- **Extracted records**:
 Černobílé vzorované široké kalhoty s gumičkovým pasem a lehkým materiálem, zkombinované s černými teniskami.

--

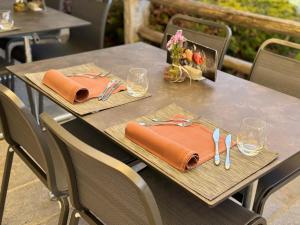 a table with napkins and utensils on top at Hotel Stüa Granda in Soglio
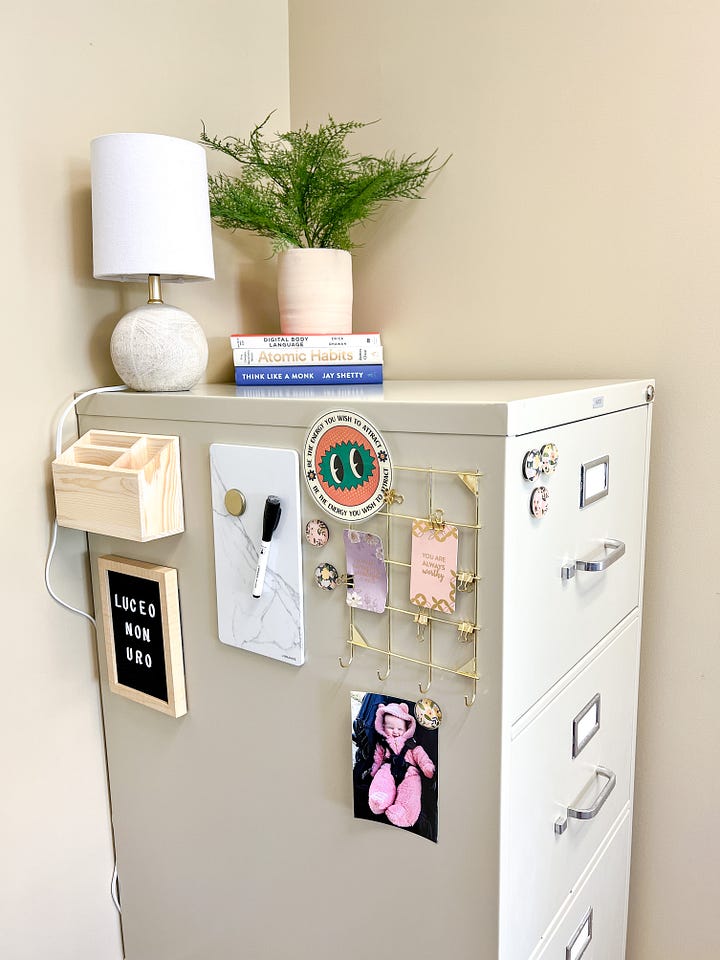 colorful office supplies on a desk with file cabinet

- **Aim of the exercise**: With the pictures removed from your copy, retype the lines above from the one that contains "a table with" through the one that contains "colorful office supplies", exactly.

- **Answer to this problem**:
 a table with napkins and utensils on top at Hotel Stüa Granda in Soglio
 colorful office supplies on a desk with file cabinet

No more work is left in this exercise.